Davantage de femmes ont été élues au scrutin des 15 et 16 mai et certaines doivent céder leur siège, en vertu des mécanismes de correction. 
l’élection de l’Assemblée constituante au Chili n’en finit pas de livrer son lot de surprises. Première mondiale, l’Assemblée chargée de rédiger une nouvelle Constitution, dont les 155 membres ont été élus les 15 et 16 mai, est entièrement paritaire, à un siège près. Plusieurs mois avant le scrutin, en mars 2020, les organisations féministes avaient obtenu l’inscription de cette règle, également appliquée aux candidatures : chaque liste, établie par affinité idéologique et district, devait comporter autant d’hommes que de femmes, afin de garantir une offre électorale strictement égale dont les résultats seraient éventuellement rééquilibrés. Ceux-ci l’ont finalement été à la faveur des hommes : au total, 11 femmes élues ont dû céder un siège à un homme et cinq hommes à une femme, selon l’Observatoire de la nouvelle Constitution, un centre d’études analysant le processus constitutionnel.

« C’est ça la parité. D’ailleurs, il est préférable d’employer le mot “intégrer” à “céder”. Il n’a jamais été question de surreprésenter les femmes, la parité de cette élection reste la plus grande avancée démocratique de ces dernières années au Chili », estime Pamela Figueroa, politiste et coordinatrice de l’Observatoire de la nouvelle Constitution. La modification au sein des dix-sept sièges réservés aux populations autochtones, sorte d’élection dans l’élection, s’avère particulièrement frappante : quatre femmes élues ont laissé leur siège à un homme. En vertu de ces mêmes mécanismes de correction, le siège supplémentaire au sein de l’Assemblée revient d’ailleurs à un homme : ils sont 78 pour 77 femmes.

« La parité ne relève pas d’un coup de main additionnel pour les femmes mais du principe d’égalité », corrobore Catherine Reyes-Housholder, chercheuse au Centre d’études du conflit et de la cohésion sociale (COES) et spécialiste des questions de genre en politique. « Les études montrent que, sans loi de parité, les partis tendent à proposer davantage de candidats hommes, en supposant que les citoyens préfèrent ce genre de profil.

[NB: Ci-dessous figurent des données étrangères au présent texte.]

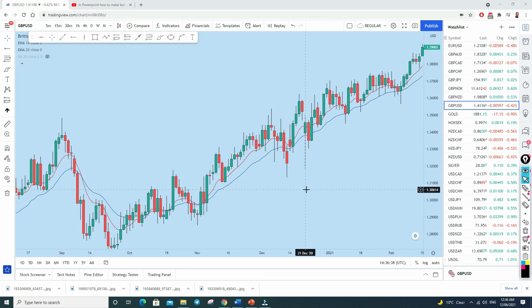I sincerely believe this video has been helpful to you. I may create another video on how to trade false breakouts with a proper strategy. Don't forget to subscribe — I'll see you in the next video.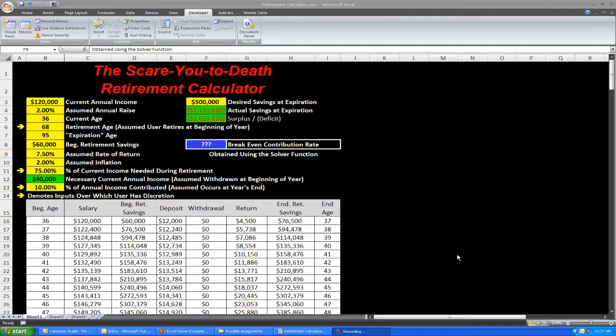Hello again. Just want to take a few minutes now to show you how you can create a macro in order to calculate your breakeven contribution rate to the retirement calculator that we created earlier.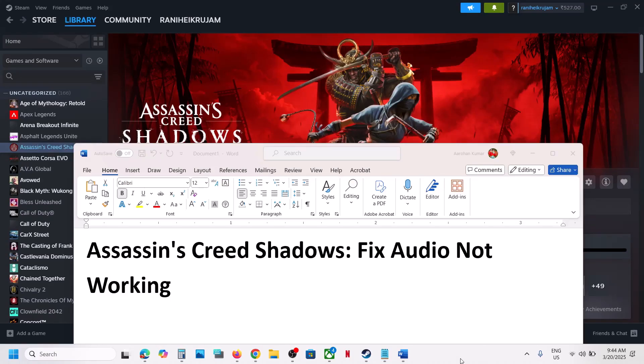Hello guys, welcome to my channel. Today in this video I'm going to show you how to fix when audio is not working with the game on your Windows computer.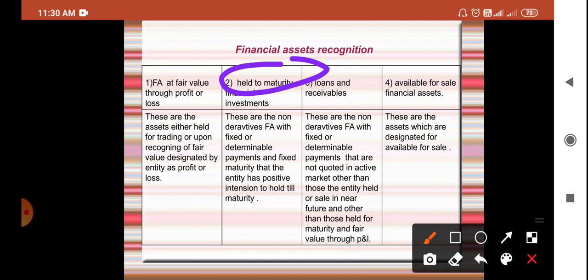Held to maturity investments are fixed financial investments the company holds in order to earn profits or interest in the coming years. The company is not liable to sell them and has no objective of selling — they intend to hold them until maturity and earn the interest or profit they have aimed for.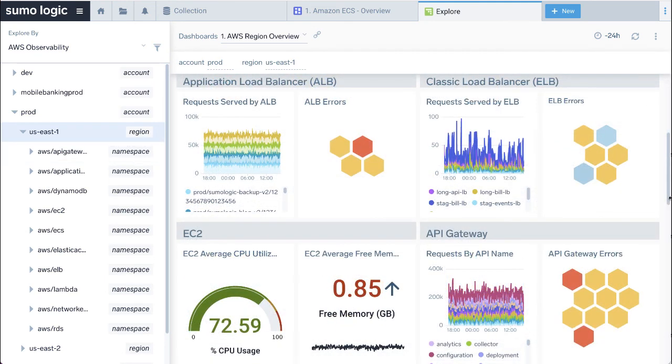Hope this demo helps you to deploy the AWS Observability Solution 2.4.0 using the CloudFormation template. Thank you for watching.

Or, on s’aperçoit, avec cette élection, que si l’offre est paritaire, les citoyens votent autant ou plus pour des candidates femmes qui sont tout aussi compétitives », analyse la chercheuse.

« Renouveau politique »

Autre surprise du scrutin : la grande victoire des candidatures indépendantes, dans l’ensemble marquées à gauche. Dans le détail, les femmes ont été préférées aux hommes sur ces listes-là, selon l’Observatoire de la nouvelle Constitution. « Les femmes incarnent davantage le renouveau politique », analyse Mme Figueroa. Durant la période précédant le scrutin, de nombreuses candidates ont clairement revendiqué leur féminisme, une première également pour une campagne. « Rentrer chez nous et retrouver un foyer sûr (sans violence de genre), cela relève du sens commun », clame ainsi, dans son spot de campagne, Giovanna Roa Cadín, l’une des candidates élues sur une liste de gauche, portant, noué au poignet, un foulard vert, symbole de la lutte pour la légalisation de l’avortement.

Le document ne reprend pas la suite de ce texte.